=== The problem ===
Print the whole listing, keeping every line exactly as given.

=== Data block ===
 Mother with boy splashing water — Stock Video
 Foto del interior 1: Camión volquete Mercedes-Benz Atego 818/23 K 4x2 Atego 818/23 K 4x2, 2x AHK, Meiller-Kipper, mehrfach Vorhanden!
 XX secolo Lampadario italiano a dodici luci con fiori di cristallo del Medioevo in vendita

=== Finished exercise ===
 Mother with boy splashing water — Stock Video
 Foto del interior 1: Camión volquete Mercedes-Benz Atego 818/23 K 4x2 Atego 818/23 K 4x2, 2x AHK, Meiller-Kipper, mehrfach Vorhanden!
 XX secolo Lampadario italiano a dodici luci con fiori di cristallo del Medioevo in vendita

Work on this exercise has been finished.